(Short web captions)
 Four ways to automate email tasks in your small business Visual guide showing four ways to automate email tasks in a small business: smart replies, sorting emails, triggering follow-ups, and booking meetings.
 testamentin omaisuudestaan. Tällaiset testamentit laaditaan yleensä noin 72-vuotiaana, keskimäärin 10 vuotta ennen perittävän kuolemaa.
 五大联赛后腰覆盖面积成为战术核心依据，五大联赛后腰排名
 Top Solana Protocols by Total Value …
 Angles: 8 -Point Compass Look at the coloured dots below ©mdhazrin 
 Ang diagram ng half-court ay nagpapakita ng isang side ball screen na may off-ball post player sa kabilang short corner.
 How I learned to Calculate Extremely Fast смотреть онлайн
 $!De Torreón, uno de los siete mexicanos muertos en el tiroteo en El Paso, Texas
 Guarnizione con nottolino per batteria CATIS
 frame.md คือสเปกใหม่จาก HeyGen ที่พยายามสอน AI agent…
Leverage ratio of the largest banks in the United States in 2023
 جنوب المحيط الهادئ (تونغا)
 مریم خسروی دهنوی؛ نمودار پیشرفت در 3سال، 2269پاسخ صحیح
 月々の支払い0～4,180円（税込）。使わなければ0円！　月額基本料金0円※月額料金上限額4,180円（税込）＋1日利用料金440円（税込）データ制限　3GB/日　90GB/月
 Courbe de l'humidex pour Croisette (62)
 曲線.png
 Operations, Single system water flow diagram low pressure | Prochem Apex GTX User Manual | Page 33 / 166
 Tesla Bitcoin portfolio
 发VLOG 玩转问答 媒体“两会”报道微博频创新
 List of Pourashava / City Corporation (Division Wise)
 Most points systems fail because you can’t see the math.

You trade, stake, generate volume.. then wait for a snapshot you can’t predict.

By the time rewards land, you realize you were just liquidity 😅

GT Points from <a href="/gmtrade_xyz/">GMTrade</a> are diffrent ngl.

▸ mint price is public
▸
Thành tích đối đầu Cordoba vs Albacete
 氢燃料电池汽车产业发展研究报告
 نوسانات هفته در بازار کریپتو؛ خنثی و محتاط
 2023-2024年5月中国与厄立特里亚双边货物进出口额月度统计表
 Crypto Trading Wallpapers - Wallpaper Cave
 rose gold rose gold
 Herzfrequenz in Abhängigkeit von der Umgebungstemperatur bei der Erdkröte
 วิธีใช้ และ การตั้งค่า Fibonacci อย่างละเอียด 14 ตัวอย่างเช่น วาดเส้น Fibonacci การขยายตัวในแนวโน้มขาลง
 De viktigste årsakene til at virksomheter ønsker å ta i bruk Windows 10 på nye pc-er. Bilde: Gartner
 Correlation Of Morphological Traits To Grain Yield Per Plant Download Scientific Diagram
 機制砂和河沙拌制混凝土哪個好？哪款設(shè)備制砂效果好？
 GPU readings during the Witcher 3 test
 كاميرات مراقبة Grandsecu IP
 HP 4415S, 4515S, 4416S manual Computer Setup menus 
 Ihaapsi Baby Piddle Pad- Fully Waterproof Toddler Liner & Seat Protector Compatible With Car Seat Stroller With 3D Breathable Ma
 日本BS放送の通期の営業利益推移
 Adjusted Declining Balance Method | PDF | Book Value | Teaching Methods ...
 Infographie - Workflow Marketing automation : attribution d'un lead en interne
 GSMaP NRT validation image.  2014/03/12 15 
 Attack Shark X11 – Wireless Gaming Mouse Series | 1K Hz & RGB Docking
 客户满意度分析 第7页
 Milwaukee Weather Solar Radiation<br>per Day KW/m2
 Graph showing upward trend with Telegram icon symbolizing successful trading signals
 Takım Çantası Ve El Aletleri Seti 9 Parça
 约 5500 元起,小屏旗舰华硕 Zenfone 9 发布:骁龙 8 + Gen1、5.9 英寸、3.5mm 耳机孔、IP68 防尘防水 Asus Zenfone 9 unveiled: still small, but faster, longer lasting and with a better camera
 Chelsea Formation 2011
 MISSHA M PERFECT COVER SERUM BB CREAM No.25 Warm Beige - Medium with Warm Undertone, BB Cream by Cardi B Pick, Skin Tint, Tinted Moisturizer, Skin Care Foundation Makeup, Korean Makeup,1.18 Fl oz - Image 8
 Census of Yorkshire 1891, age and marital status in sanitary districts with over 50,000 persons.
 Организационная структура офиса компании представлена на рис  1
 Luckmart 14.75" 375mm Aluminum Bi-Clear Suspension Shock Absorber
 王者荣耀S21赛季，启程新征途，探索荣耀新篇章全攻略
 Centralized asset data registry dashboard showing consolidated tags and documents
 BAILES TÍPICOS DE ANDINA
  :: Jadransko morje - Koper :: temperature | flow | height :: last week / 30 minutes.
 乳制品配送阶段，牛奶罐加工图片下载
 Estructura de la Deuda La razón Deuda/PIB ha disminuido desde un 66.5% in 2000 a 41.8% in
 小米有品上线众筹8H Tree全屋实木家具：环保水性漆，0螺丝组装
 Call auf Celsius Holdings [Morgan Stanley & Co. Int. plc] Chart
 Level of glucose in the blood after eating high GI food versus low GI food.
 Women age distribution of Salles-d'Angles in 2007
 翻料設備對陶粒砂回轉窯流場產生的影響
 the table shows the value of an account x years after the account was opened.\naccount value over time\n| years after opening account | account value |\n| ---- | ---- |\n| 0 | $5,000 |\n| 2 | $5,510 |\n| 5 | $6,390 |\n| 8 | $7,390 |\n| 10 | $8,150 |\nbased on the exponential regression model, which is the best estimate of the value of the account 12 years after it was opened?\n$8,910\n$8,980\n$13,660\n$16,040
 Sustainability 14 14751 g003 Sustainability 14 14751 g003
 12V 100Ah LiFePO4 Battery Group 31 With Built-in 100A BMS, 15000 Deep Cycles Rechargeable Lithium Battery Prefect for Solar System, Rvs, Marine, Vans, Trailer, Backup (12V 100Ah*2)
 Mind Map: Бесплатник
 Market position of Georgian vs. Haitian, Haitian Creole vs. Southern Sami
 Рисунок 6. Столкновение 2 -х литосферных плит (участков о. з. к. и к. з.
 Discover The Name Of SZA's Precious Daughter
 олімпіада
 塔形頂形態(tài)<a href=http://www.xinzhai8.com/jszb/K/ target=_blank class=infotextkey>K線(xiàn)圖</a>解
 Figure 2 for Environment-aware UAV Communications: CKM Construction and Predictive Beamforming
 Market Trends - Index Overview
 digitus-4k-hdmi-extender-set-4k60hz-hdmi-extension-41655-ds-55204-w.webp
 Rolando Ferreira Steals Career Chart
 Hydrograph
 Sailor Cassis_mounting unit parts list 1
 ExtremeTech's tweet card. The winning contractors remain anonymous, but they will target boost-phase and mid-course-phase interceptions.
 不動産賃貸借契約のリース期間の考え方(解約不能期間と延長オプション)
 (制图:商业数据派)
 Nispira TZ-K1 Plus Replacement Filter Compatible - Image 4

### Problem statement
Nothing but the lines above from the one containing "Operations, Single system" through the one containing "วิธีใช้ และ การตั้งค่า" should appear in the answer, each repeated exactly.

### Answer box
 Operations, Single system water flow diagram low pressure | Prochem Apex GTX User Manual | Page 33 / 166
 Tesla Bitcoin portfolio
 发VLOG 玩转问答 媒体“两会”报道微博频创新
 List of Pourashava / City Corporation (Division Wise)
 Most points systems fail because you can’t see the math.

You trade, stake, generate volume.. then wait for a snapshot you can’t predict.

By the time rewards land, you realize you were just liquidity 😅

GT Points from <a href="/gmtrade_xyz/">GMTrade</a> are diffrent ngl.

▸ mint price is public
▸
Thành tích đối đầu Cordoba vs Albacete
 氢燃料电池汽车产业发展研究报告
 نوسانات هفته در بازار کریپتو؛ خنثی و محتاط
 2023-2024年5月中国与厄立特里亚双边货物进出口额月度统计表
 Crypto Trading Wallpapers - Wallpaper Cave
 rose gold rose gold
 Herzfrequenz in Abhängigkeit von der Umgebungstemperatur bei der Erdkröte
 วิธีใช้ และ การตั้งค่า Fibonacci อย่างละเอียด 14 ตัวอย่างเช่น วาดเส้น Fibonacci การขยายตัวในแนวโน้มขาลง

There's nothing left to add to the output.